> **How to complete this task**
Look over the entries below. Report how many lines hold the word "your", and only that.

> **Source material**
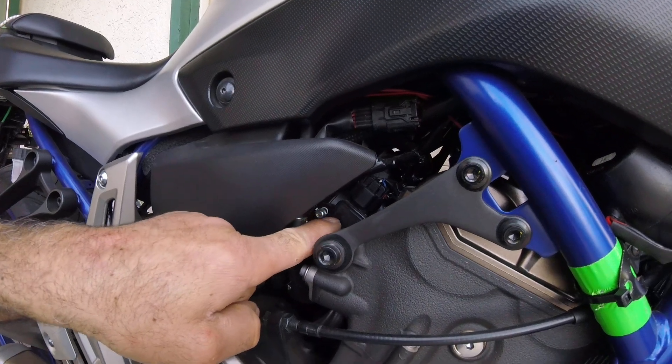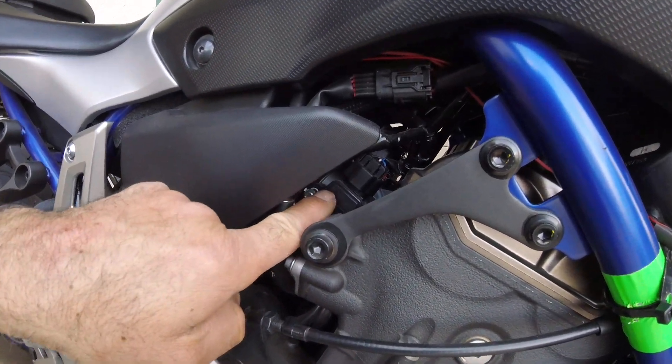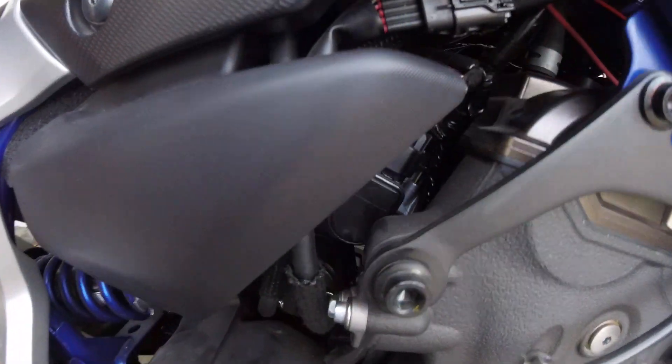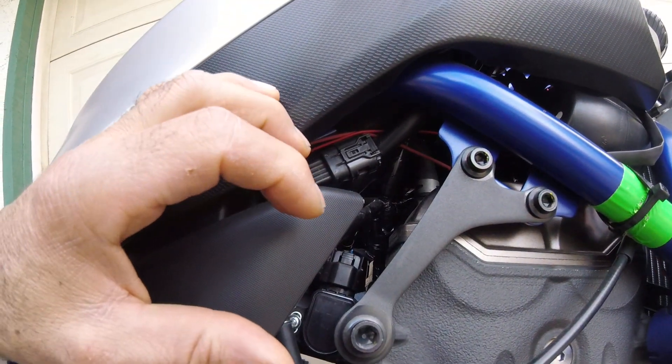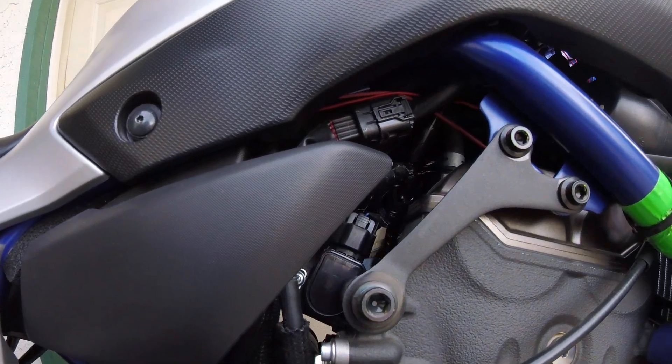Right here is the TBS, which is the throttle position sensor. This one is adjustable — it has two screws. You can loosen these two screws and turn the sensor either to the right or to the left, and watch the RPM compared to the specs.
==
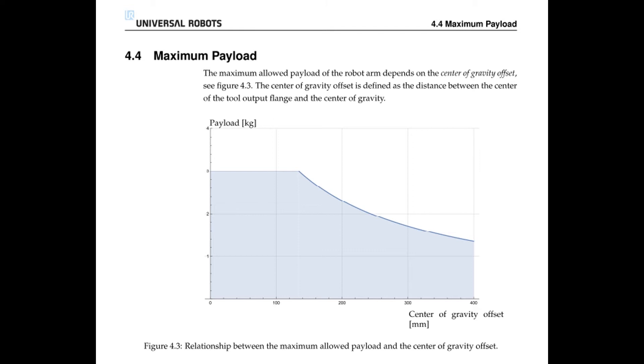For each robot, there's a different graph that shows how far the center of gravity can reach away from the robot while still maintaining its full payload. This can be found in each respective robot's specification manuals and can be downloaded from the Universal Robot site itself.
--
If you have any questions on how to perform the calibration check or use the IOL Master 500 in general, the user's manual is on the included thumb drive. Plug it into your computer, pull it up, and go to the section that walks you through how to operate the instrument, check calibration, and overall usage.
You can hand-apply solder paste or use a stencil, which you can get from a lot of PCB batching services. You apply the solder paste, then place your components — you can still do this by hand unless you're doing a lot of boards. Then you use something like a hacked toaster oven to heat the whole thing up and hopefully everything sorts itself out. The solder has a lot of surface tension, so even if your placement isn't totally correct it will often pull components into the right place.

> **Answer to the exercise**
2